✍温聲筆記✍

温又柔が、こんな本を読んでいる、こんな文章に感銘を受けた、と記すためのブログ

「あるがまま」という領域から始まる思索

メモ。「僕が形作るのは、個々の性格ではなく、それよりも人間間の不思議な力学の場、そして状況、雰囲気によって、その場で何が起こるのかだ」(ヨン・フォッセ)

白水社から刊行されたばかりのヨン・フォッセの戯曲。初の邦訳。普段、戯曲をほとんど読まない——読み方を知らない、という意味で「読まない」ではなく「読めない」とした方がいいのかもしれないのだけれど——のに、表題作「だれか、来る」の最初の台詞から妙に心が惹きつけられる・・・

「彼女 (陽気に)もうすぐ私たちの家に入れる

彼 おれたちの家

彼女 古いすてきな家/他の家から遠く離れて/そして他の人たちからも」

先に、解説を読んでしまう。そして、この「詳細な訳者解説」がこの上なく素晴らしい。訳者の河合純枝さんはベルリン在住でヨン・フォッセとは二十年以上の親交を重ねてきたらしい。その事実を知らずに読んだとしても、この訳者解説には訳者が著者の「最良の理解者」であることがはっきりと滲む。日本語に翻訳された海外文学を読むときの醍醐味の一つが、その作品を翻訳した方による解説を一緒に味わうことなら、この本はそれが存分に味わえる。もちろん「原文」がなければ「訳文」も存在しないのだし、「本篇」がなければ「解説」も存在できないのだから、ヨン・フォッセってすごいんだなあ、と当たり前の嘆息を快く漏らす。
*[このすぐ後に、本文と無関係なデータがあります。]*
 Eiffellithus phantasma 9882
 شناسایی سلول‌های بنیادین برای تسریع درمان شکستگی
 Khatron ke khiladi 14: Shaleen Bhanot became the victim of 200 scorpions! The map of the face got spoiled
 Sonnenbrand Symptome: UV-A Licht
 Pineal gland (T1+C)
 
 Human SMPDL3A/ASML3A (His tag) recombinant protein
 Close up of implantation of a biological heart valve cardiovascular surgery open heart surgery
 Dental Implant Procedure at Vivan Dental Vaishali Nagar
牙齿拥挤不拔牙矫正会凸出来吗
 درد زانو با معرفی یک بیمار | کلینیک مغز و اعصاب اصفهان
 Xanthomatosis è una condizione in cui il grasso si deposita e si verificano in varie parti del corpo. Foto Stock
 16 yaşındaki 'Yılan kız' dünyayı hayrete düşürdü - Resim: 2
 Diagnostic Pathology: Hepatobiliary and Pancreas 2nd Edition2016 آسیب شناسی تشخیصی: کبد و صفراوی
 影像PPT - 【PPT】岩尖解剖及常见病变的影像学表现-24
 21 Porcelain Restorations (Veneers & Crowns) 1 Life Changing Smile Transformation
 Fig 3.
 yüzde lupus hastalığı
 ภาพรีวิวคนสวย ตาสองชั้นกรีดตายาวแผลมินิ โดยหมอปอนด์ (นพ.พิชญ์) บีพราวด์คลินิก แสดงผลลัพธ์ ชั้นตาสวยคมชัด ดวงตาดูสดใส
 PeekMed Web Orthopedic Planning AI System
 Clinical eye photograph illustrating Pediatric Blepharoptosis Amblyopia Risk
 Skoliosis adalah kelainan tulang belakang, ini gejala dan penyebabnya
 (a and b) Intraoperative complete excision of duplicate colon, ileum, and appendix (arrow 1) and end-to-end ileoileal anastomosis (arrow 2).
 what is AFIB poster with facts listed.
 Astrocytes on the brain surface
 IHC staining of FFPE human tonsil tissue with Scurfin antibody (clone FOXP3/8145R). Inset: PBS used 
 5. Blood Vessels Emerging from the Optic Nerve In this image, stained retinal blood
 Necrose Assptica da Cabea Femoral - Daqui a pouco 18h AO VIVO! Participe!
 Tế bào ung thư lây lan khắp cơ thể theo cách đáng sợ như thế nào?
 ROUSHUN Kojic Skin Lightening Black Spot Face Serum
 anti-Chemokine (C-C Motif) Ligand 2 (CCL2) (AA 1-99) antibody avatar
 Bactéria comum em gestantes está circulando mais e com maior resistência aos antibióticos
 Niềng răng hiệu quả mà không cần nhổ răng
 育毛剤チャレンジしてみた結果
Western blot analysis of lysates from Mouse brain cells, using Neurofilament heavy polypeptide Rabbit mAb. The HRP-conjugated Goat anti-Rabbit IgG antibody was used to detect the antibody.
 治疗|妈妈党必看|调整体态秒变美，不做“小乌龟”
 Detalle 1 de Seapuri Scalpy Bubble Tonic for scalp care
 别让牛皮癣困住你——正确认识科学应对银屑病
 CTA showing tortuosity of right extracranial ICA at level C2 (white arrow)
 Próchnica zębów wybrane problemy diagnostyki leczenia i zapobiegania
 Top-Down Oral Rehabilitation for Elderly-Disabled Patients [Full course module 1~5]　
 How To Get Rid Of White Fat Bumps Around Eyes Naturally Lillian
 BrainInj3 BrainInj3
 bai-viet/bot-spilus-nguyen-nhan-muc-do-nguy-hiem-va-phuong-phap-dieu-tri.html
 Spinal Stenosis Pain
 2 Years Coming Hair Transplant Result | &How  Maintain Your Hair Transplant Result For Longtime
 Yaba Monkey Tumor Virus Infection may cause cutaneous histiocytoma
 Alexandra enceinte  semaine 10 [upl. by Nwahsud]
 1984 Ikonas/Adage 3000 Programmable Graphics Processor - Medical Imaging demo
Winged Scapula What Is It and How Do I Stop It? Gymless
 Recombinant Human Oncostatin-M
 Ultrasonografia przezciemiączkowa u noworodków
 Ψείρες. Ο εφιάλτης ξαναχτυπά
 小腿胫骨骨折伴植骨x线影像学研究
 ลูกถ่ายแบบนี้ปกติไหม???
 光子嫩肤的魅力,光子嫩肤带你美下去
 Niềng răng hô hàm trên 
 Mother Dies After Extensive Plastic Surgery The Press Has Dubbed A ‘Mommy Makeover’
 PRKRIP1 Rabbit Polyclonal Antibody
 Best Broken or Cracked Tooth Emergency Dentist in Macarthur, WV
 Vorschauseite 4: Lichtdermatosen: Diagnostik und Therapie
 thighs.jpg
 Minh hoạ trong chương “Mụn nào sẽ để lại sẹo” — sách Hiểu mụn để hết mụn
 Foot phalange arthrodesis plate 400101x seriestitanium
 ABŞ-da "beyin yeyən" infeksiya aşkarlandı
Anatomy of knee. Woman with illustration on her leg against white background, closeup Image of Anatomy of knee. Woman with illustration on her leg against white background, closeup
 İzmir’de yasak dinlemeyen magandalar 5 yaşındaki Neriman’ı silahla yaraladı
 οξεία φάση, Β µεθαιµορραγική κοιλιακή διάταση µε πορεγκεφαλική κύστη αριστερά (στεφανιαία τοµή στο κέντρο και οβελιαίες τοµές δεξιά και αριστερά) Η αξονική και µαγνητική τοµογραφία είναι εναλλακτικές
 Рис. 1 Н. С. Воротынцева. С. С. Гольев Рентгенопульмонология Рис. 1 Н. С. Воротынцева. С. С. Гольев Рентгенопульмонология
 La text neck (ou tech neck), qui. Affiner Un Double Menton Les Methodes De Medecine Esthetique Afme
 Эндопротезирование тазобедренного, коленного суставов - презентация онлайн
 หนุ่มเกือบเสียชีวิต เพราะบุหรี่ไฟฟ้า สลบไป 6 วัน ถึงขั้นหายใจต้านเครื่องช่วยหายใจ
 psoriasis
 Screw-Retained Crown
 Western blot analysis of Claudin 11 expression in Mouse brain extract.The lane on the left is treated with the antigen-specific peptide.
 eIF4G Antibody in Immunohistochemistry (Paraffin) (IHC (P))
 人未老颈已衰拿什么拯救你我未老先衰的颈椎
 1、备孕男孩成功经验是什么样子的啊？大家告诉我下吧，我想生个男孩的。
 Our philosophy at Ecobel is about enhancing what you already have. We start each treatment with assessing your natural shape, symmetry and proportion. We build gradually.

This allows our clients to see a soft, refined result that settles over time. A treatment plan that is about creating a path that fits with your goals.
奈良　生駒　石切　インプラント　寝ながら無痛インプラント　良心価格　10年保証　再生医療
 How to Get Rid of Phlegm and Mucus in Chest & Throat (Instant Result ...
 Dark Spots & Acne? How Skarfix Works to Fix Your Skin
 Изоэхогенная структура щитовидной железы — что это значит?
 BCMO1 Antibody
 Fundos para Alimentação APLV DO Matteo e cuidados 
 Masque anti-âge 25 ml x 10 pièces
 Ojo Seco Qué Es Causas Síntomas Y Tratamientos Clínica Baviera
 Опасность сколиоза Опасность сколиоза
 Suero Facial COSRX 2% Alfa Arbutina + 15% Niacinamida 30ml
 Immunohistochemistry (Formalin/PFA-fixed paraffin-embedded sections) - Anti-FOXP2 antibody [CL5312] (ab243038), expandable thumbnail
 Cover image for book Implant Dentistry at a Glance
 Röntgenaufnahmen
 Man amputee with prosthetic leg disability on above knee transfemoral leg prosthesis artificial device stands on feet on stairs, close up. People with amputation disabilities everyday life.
イェリネクや、クッツェー。もちろん、ベケット。そして、トカルチュク。私は未読ながらきっとアヴドゥルラザク・グルナも。このうちのどれか一つでも偏愛していたら、きっと、ヨン・フォッセは必読なのに違いない。この本があれば、寒くて、夜の長い今の時期に早々と毛布にくるまって愛読するのにうってつけの読書ができそうで、心が静かに弾む。